O caso remete à denúncia sobre repasses de dinheiro do Ministério da Educação (MEC) que priorizaram prefeituras com contratos com uma mesma empresa alagoana, a Megalic, que tem como dono o empresário Edmundo Catunda, pai do vereador por Maceió, João Catunda (PP). Edmundo é um dos aliados do presidente da Câmara dos Deputados, Arthur Lira (PP-AL). A denúncia foi publicada pelo jornal Folha de S. Paulo em 6 de abril de 2022.
Em 2022, a Folha mostrou que o governo de Jair Bolsonaro destinou R$ 26 milhões de recursos do MEC para a compra de kits de robótica para escolas de pequenas cidades de Alagoas que sofrem com uma série de deficiências de infraestrutura básica, como falta de salas de aula, de computadores, de internet e até de água encanada.
Os municípios beneficiados com os recursos milionários foram: Canapi, que recebeu R$ 5,4 milhões; Santana do Mundaú, com R$ 4,5 milhões; União dos Palmares, R$ 7,5 milhões; Flexeiras, valor não informado; Branquinha, Maravilha e Barra de Santo Antônio, também sem valores informados.
À época, presidente da Câmara, Arthur Lira, disse não ter envolvimento com contratação de empresas pelos municípios, que não solicitou aceleração de liberações e que os processos obedecem a critérios técnicos do FNDE.
Durante o processo no TCU, a empresa teve seus argumentos aceitos de que não houve sobrepreço. A Megalic indicou que outras compras públicas praticaram preços similares com fornecedores diferentes. No ano passado, a Folha mostrou que a decisão do governo sobre os kits ignorou opções mais em conta disponíveis no mercado.
Informações obtidas e divulgadas pela Folha de S. Paulo e publicadas também em abril de 2022 mostraram que a Megalic havia faturou até aquele momento o total de R$ 44,5 milhões a partir de depósitos de prefeituras para kits de robótica, enquanto só gastou R$ 6,7 milhões. Em 2021, essa diferença foi entre R$ 15 milhões em recebimentos e R$ 2,7 milhões em gastos.

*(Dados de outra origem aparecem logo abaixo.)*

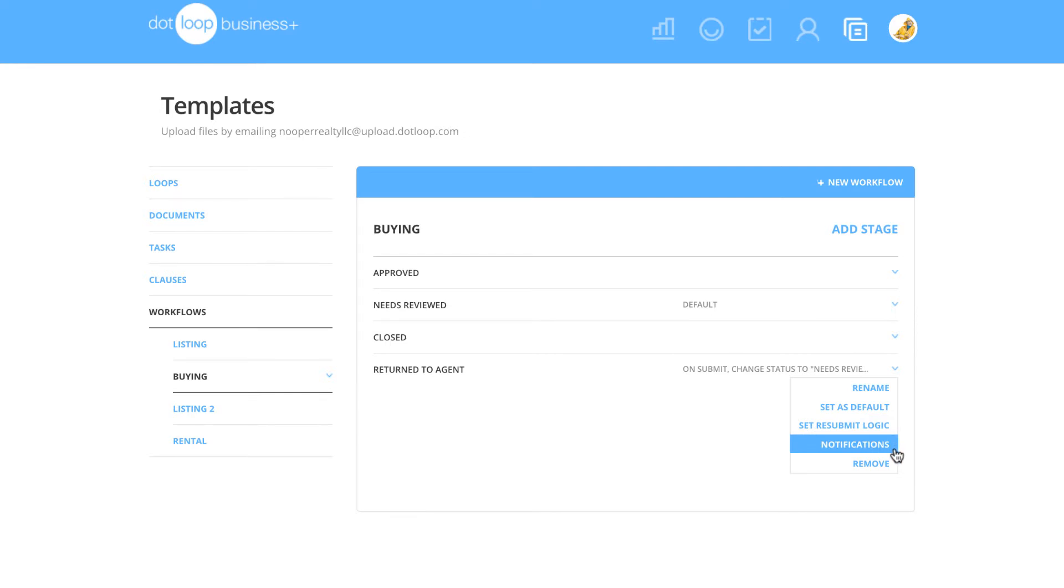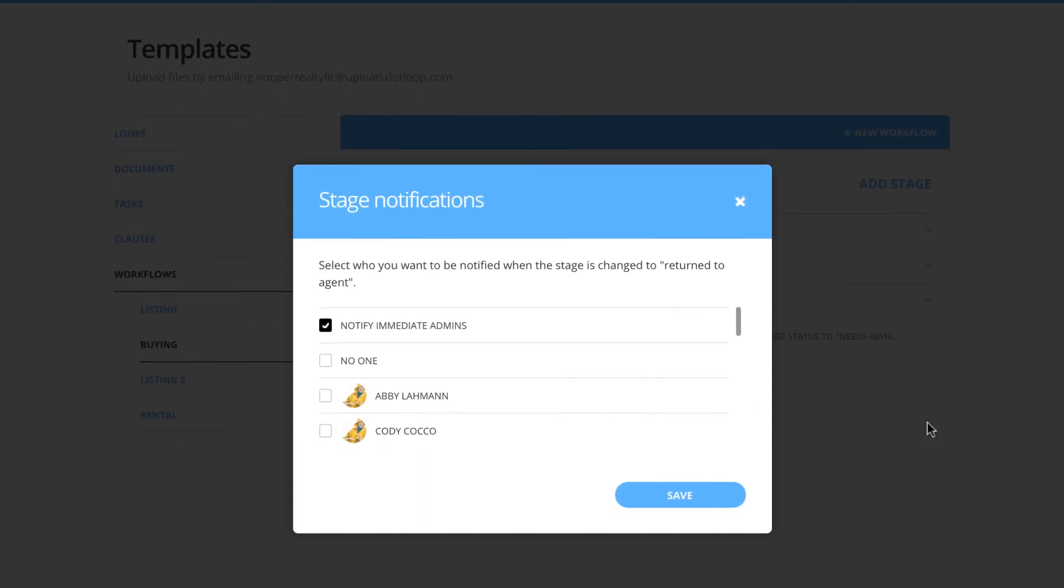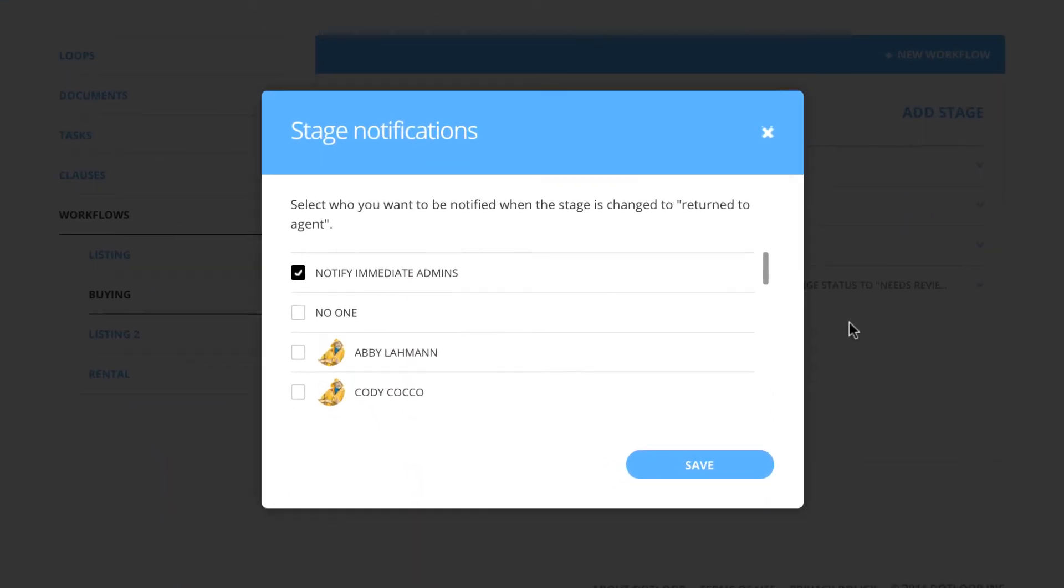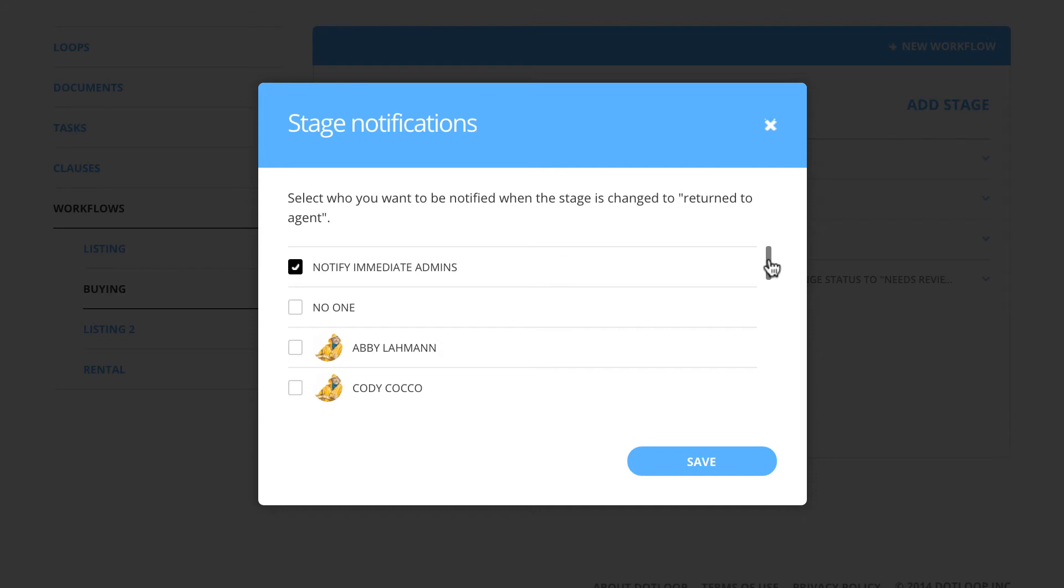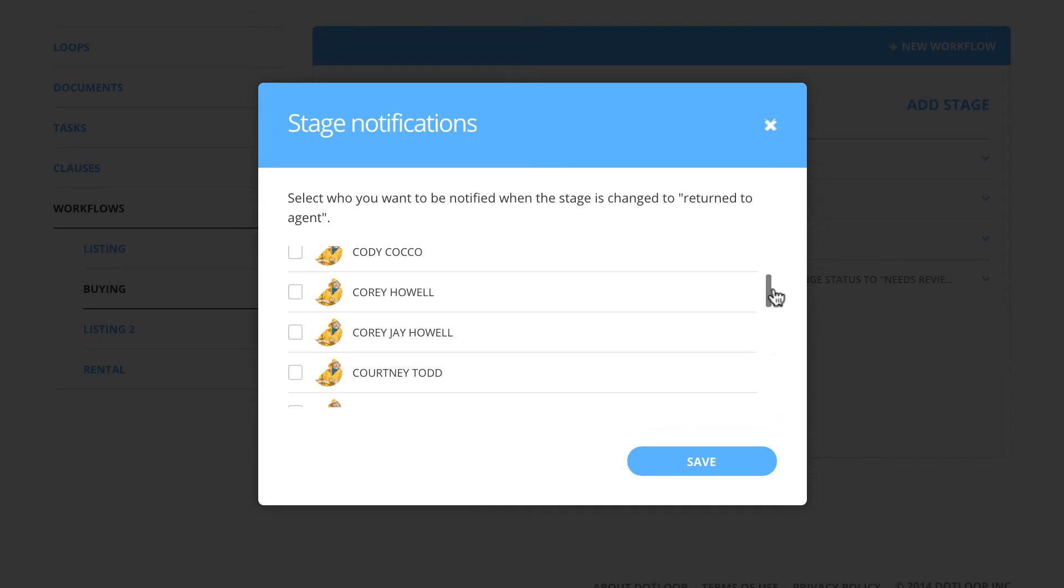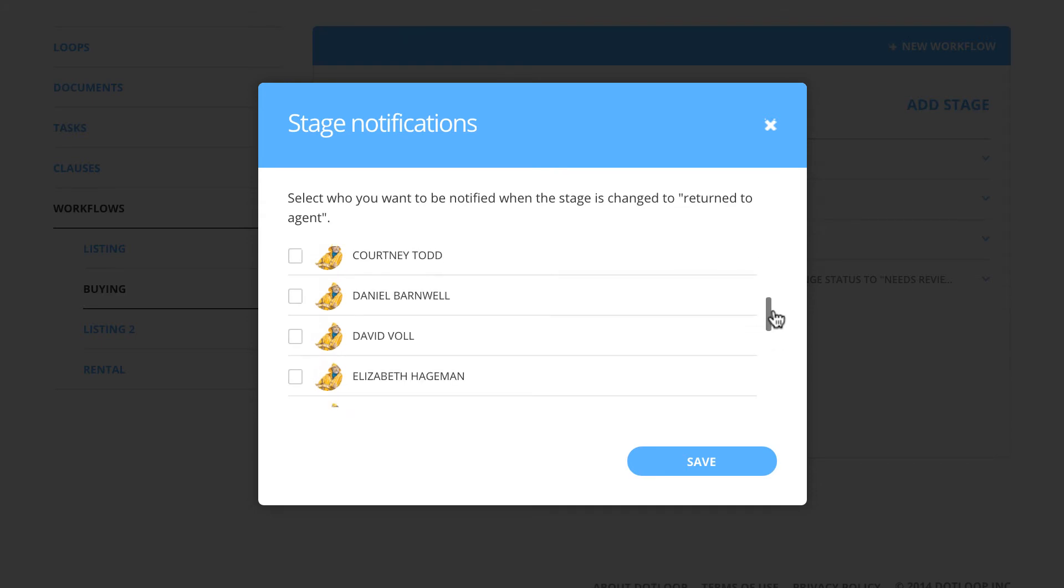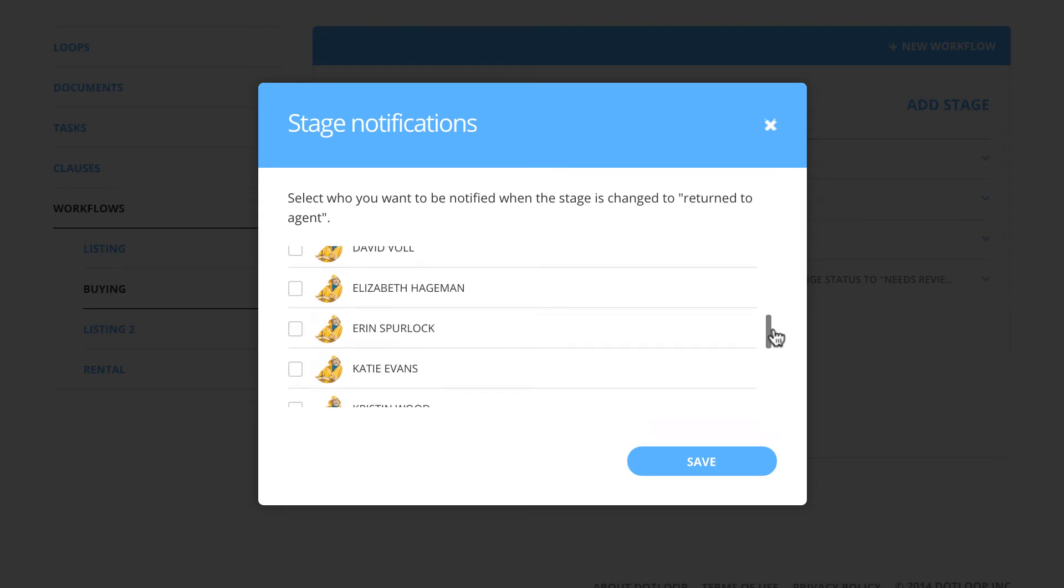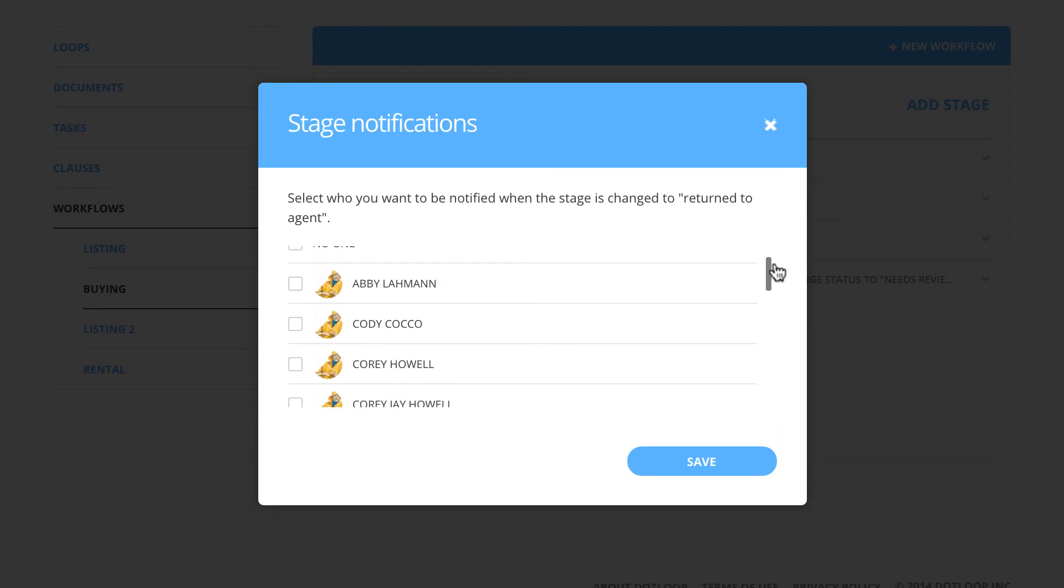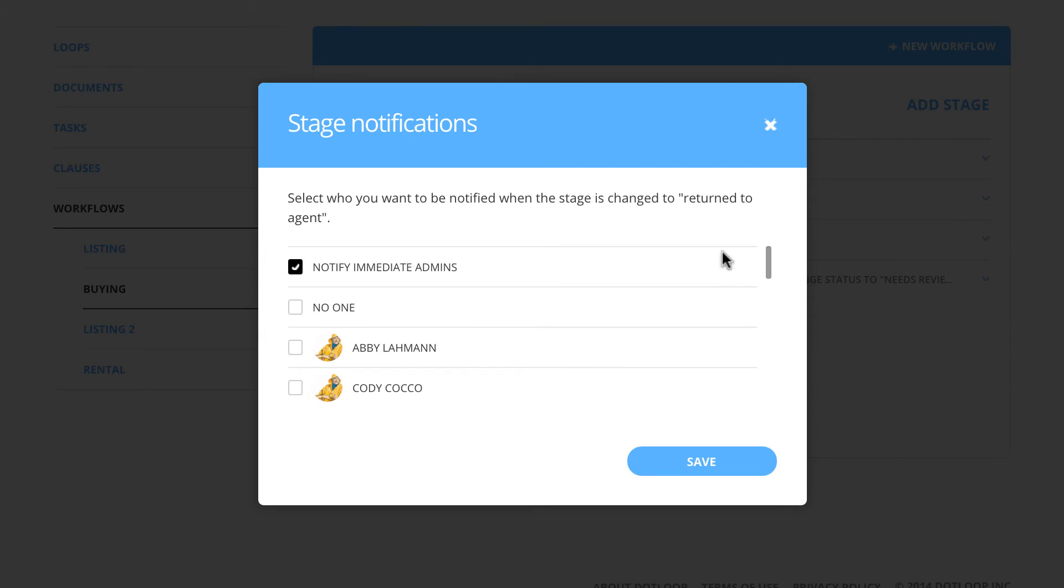When you click on Notifications, a box will appear with all of the admin's names listed below. By default, a check mark will appear next to Notify Immediate Admins. This means that only the office-level admins will receive an email notification when this review stage is selected.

Ministro verificou falhas graves e desperdício de recursos
No julgamento ocorrido no Tribunal de Contas da União (TCU), os ministros entenderam que não foram apresentadas informações claras e documentos comprobatórios sobre a forma como os valores foram apurados. Há, ainda, indícios de sobrepreço nas contratações da empresa licitada.
“As falhas verificadas são extremamente graves, tornando o desperdício de recursos públicos certo. Essas irregularidades levaram-me, inicialmente, a refutar pagamentos pelos municípios em face da entrega de produtos potencialmente inúteis, com falhas de especificação e sem fundamentação de preços”, argumentou o ministro Walton Alencar Rodrigues, relator do processo.
A análise técnica aponta, ainda, que MEC e FNDE não verificam as condições operacionais e de infraestrutura das escolas para recebimento dos kits de robótica, sob o argumento de que tais procedimentos desrespeitariam a autonomia dos entes federados na escolha das ações educacionais que objetivam implementar.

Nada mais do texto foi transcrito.